Дружный хохот был мне ответом.
— Русские, — взялся мне объяснять крепыш, — это миф. Вот вы смуглая, черноглазая, вы что, кровь свою знаете?! Можете на сто процентов сказать, что вы русская?
— Ну, в себе-то я не сомневаюсь... А вас спрошу вот о чем: вы живете в государстве, которое в основном построили русские. Так?
— Пожалуй… — пожал плечами маленький.
— Говорите на языке, который создал русский народ. Расходуете слова, пачкаете, низводите их до помоев, в общем, проматываете. И русскими себя не считаете. Так кто же вы?!
— Мы — люди, и мы никому ничем не обязаны! — взвился рыженький. — Наша жизнь, как хотим, так и проживаем, что хотим, то и делаем. И мат — это здорово! Не надо копить в себе эмоции! Пришло в голову, высказался, освободился… Это психологически правильно, отрицательное чувство не должно разрушать здоровье человека!
— Замечательная логика! А вот представьте, идет 1941 год, бойцы сидят в окопах под Москвой и рассуждают таким же образом: с какой стати мы будем биться с немцами, если все мы люди? Нам страшно, а мы тут будем копить эмоции, сдерживаться, не правильней ли дать деру, сохранить здоровье?! И вообще, мы никому ничего не должны… Сталин — сатрап, тиран. Что мы тут, за него помирать, что ли, будем?! От нас весь мир отвернулся, Европа нас презирает, хочет наказать за коммунизм…
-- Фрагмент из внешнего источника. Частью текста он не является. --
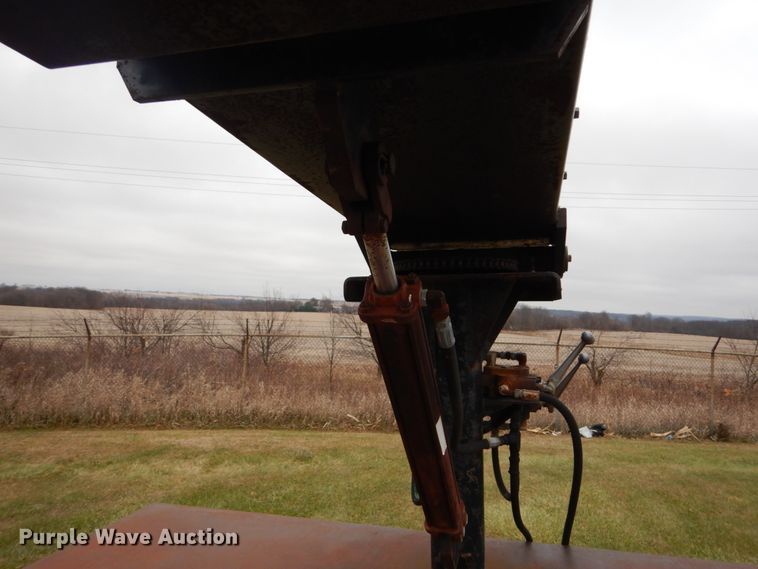 image for item DH5044 2003 GMC C7500 flat dump bed truck with conveyor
— Это вроде другое… — неуверенно выговорил крепыш. — Сравнили: войну и треп.
— Но словами обозначается всё: мама, родина, народ, имя! И если вы десять тысяч раз назвали что-то грязно, то в решительный момент у вас просто воли не хватит сказать и подумать по-другому. Привычка сработает.
— Мы люди маленькие, — убежденно заговорил рыженький. — Все ваши аргументы для нас — дым сигаретный! Нас политика и религия не интересуют, потому что это полный отстой, вранье, сказки! Мы потребители, нас качество сервиса волнует.
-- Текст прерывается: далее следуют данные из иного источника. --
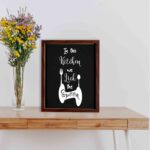 In This Kitchen We Lick The Spoon wall art with white cursive and bold fonts, black background, and stylish cutlery illustrations. displayed on the table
— Маленькие, а какие большие претензии! Если вы предъявляете требования к Путину (он, кстати, согласно вашей логике, должен жить в свое удовольствие, потому что никому ничем не обязан), то почему я не могу предъявить претензии к вам: не ругаться в общественном месте?!
— У Путина есть обязанности, он должен к народу прислушиваться, — быстро сказал маленький.
— К какому народу?! К чеченскому, что ли?
— Почему к чеченскому?
— Ну, вы ж сказали, что русские — миф, значит, никакого народа нет.
— Народа нет, а есть просто люди, и к людям надо прислушиваться, — поправил маленького рыженький.
— Но чеченский народ есть? Есть. Татарский? Есть. Даже чукотский народ есть! Почему же вы отказываете в существовании русскому народу?! Это раз. А во-вторых. Вот представьте (с моста, несмотря на вечернее время, был хорошо виден Кремль), что Путина окружают такие же люди, как и вы. Их всех волнует качество сервиса, и больше ничего. Все они считают, что: 1) никакого народа нет, есть просто люди и между ними существует конкуренция; 2) надо жить в свое удовольствие, не обращая внимания на других; 3) никто никому ничего не должен.
— Бред… — растерялся маленький. — Не может быть такого! Нет, они так думать не должны! Они о нас заботиться обязаны!
— Не, ну а для чего жить-то? Вы что, знаете, что ли?! Каждый за себя отвечает! Мы все умрем! — зачастил рыженький. — На что хотим, на то и расходуем себя!
— То, что все умрут, с этим не поспоришь. Вопрос в другом: народ русский тоже должен умереть вместе с вами или у него есть шанс выжить?! Посмотрите, вы пришли в мир на все готовенькое: у вас есть государство, которому больше тысячи лет, язык, на котором написана великая литература, и вы все это хотите прожить «в ноль» и ничего не оставить после себя?! Так получается? Кирилл, а дети у вас будут? Они вообще-то где должны жить? Что-то не особо в Европе привечают беженцев из Африки! А ведь это тоже люди, так?
— Прямо голова заболела от ваших слов! — пожаловался крепыш. — Поговорили — и хватит! Я домой хочу!
— Останемся каждый при своем, — буркнул рыженький. — У нас свои права!
— Вы как будто в лихие 90-е не жили!.. А мы — их дети! — упрекнул на прощание маленький.
Да, дети! «Рожденные в года глухие/Пути не помнят своего./Мы — дети страшных лет России —/Забыть не в силах ничего».